Wer miterleben durfte, wie eine Einsteigerin im Rollenspiel mit Anfang 40 in einer Runde zusammengesetzt aus Spielern aus jedem "Jahrzehnt" (Teens, Twens, 30er, 40er) genauso eingestiegen ist, genau die Begeisterung, das Erstaunen, das Austesten der eigenen Möglichkeiten, das Sich-Einlassen auf eine fremde Welt gezeigt hat, der - so ging es mit jedenfalls - fühlte sich an seine eigenen Anfängererfahrungen erinnert. Da gibt es gar keinen Unterschied im Empfinden, in der Begeisterungsfähigkeit.
Das geht in der Kampfkunst, das geht im Tipp-Kick, das geht auch beim Rollenspielen.
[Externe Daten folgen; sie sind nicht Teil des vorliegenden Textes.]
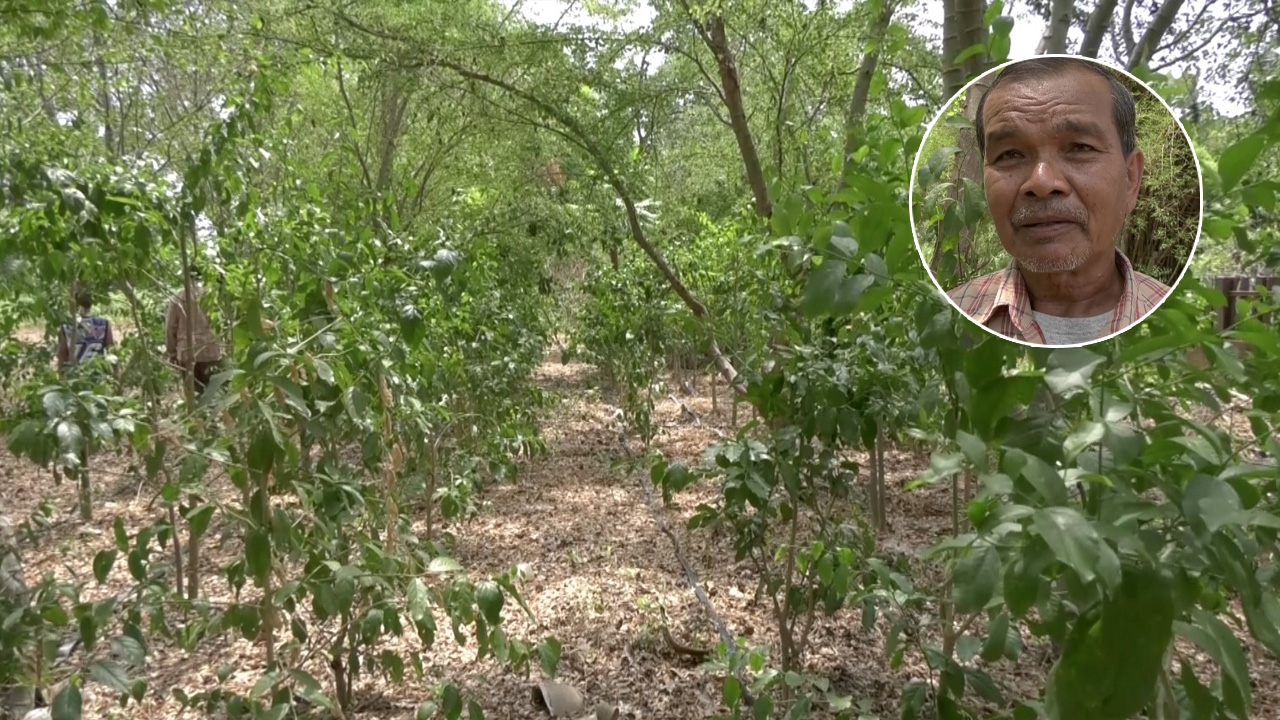 คุณตาโคราชทำสวนปลูกผักหวานป่าพันต้น เก็บใบขายทำรายได้เดือนละ 1-1.5 หมื่นบาท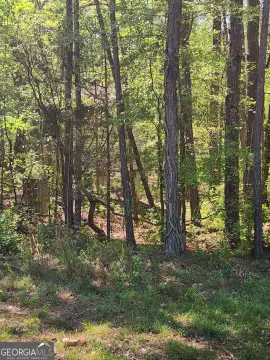Covington, GA - 1 Acre Lot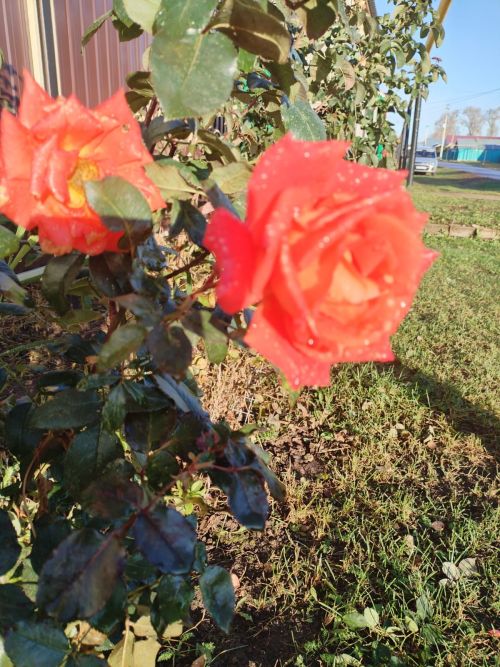 Бүген Әтнәдә аязучан болытлы һава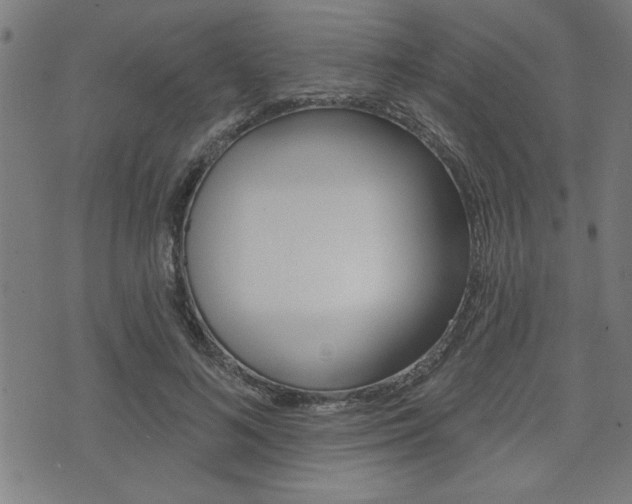 X0000073540692200607310951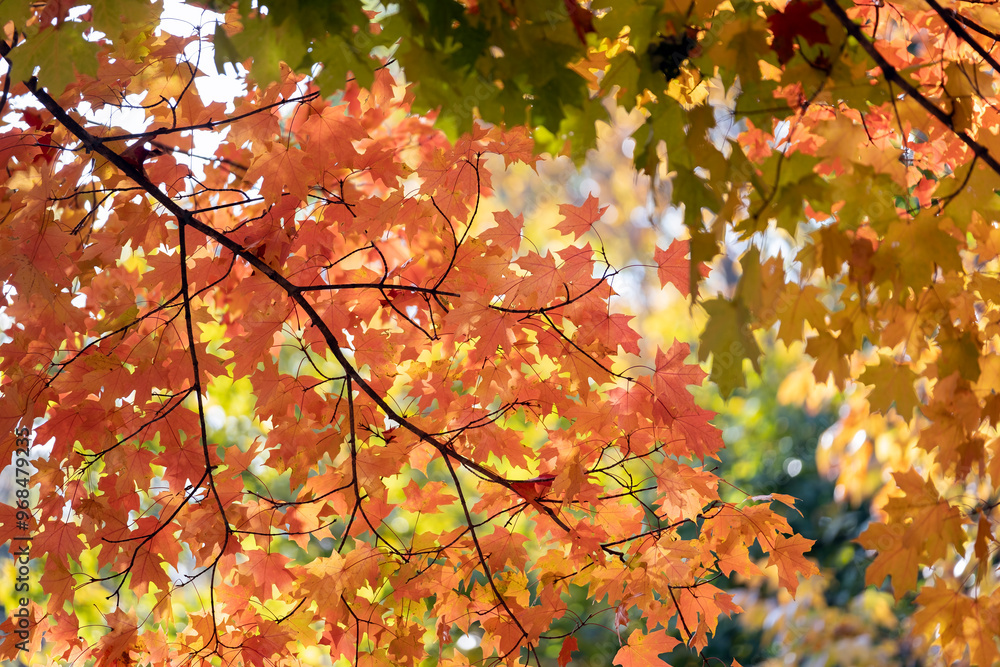 Autumn nature in North Carolina mountain woods Autumn nature in North Carolina mountain woods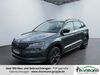 Skoda Karoq sanne-kerkuhn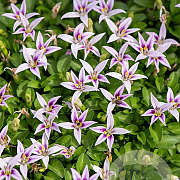 Hypsela reniformis GM P9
Solange es noch Leute gibt, die sich zum Rollenspiel zusammenfinden, solange existiert das Hobby weiter. Von "überholt" könnte man nur sprechen, wenn es durch etwas neueres, etwas, daß das alte Rollenspiel-Hobby ablösen müßte, gibt. Und diese tolle neue Rollenspiel 2.0 müßte sich auch noch global so durchsetzen, daß niemand mehr das herkömmliche Rollenspiel spielen wollte.
Komisch, aber Rollenspiel-Neuerungen wie LARP, Erzählspiele, Computer-Rollenspiele, etc. haben eigentlich immer nur zusätzliche Angebote, erweiterte Möglichkeiten geschaffen, aber nicht das existierende Pen&Paper ersetzt, abgeschafft, veralten gelassen.
Langer (wie üblich) Rede, kurzer Sinn: Von "überholt" beim Rollenspiel-Hobby zu sprechen, ist völliger Unfug.